Muhalefet partileri, 'ticaret yasası' diye nitelendirdikleri kanuna neden karşı çıkıyor?
İklim değişikliğiyle mücadele ve uyuma ilişkin İklim Kanunu teklifi, Türkiye Büyük Millet Meclisi'nde (TBMM) kabul edilerek yasalaştı.
İktidardaki Adalet ve Kalkınma Partisi (AK Parti) tarafından TBMM'ye sunulan teklifin, sera gazı emisyonlarının azaltılmasını, iklim değişikliğine uyum faaliyetlerini, planlama ve uygulama araçlarını, gelirleri, izin ve denetim ve bunlara dair yasal ve kurumsal çerçevenin usul ve esaslarını içerdiği belirtiliyor.

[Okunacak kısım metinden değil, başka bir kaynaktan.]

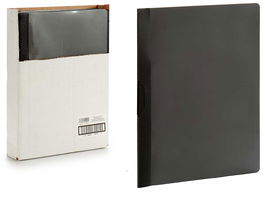 Arte Regal Carpeta Archivador Negra 31 x 23 cm (Set de 60)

Kanunda iklim hukukuyla ilgili, "İklim Adaleti", "İklim Finansmanı, "Net Sıfır Emisyon", "Adil geçiş," "Birincil piyasa," "Karbon Kredisi," "Denkleştirme," "Emisyon Ticaret Sistemi (ETS)," "Gömülü sera gazı emisyonları," "Gönüllü karbon piyasaları" gibi 39 terim tanımlanıyor.

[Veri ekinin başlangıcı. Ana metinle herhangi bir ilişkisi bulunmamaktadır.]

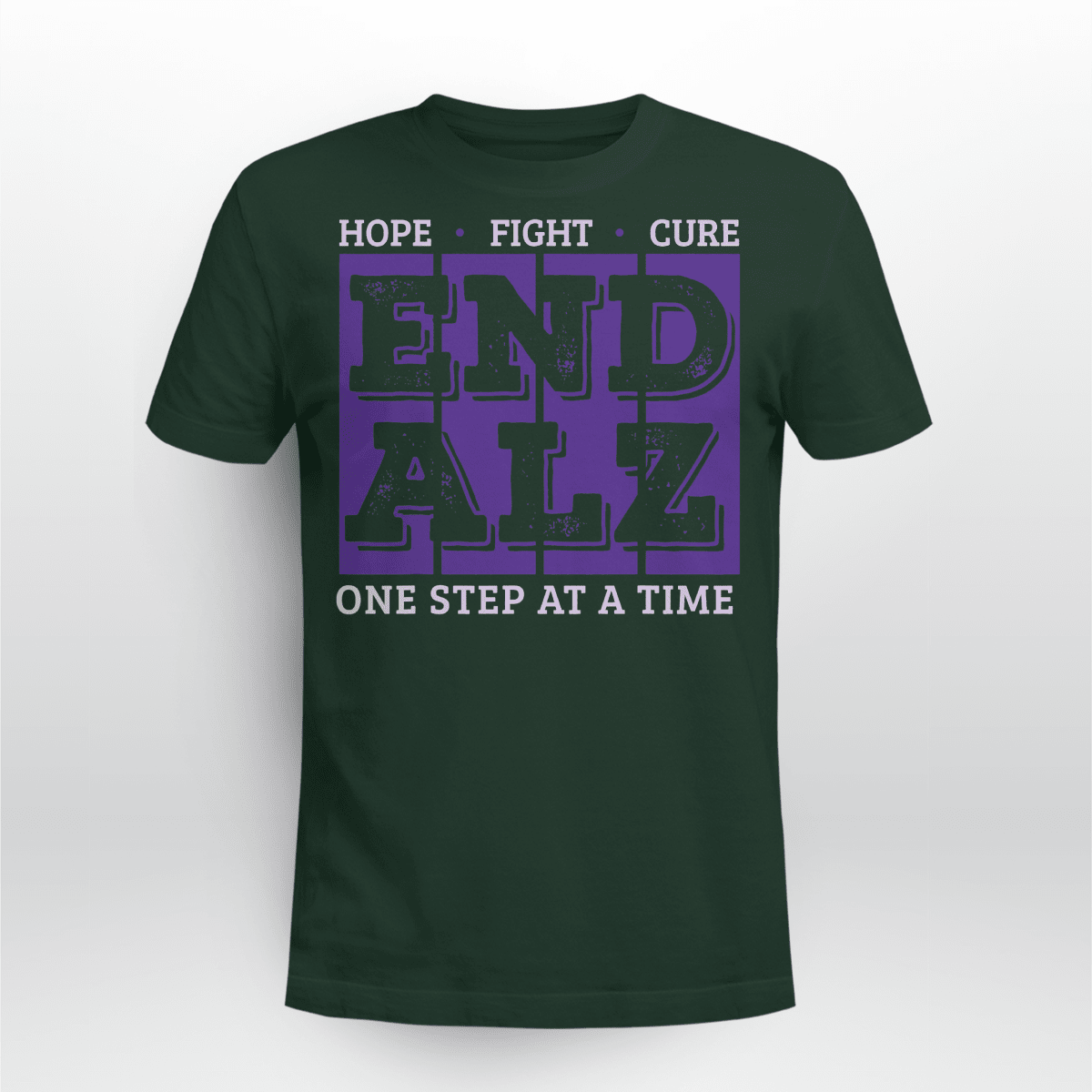 Hope Fight Cure End Alz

Kanun uyarınca kamu kurum ve kuruluşlarıyla gerçek ve tüzel kişiler, kamu yararı gözetilerek alınacak tedbirlere ve düzenlemelere süresinde uymakla ve bunları uygulamakla yükümlü olacak.
Öte yandan muhalefet partileri, "doğa katliamına yasal kılıf" ve "ticaret yasası" diye nitelendirdikleri bu kanuna karşı çıkıyor.
İklim değişikliğiyle mücadele faaliyetleri neler olacak?
Kanunda ayrıca, iklim kriziyle mücadele başlığı altındaki faaliyetler de belirleniyor.
Diken'in aktarımına göre, sera gazı emisyonları; Ulusal Katkı Beyanı, net sıfır emisyon hedefi ve İklim Değişikliği Başkanlığı’nca yayınlanan veya güncellenen strateji ve eylem planları doğrultusunda azaltılacak.
İklim değişikliğinin etkilerine karşı su kaynaklarının etkin yönetimini sağlamak için ise planlama araçları, ilgili kamu kurum ve kuruluşlarınca hazırlanacak ve çölleşme ve erozyonla mücadeleyle ağaçlandırma ve toprak muhafaza kapsamında orman dışı alanlarda oluşturulan yutak alanların net sıfır emisyon hedefi doğrultusunda sürdürülebilir yönetimi sağlanacak.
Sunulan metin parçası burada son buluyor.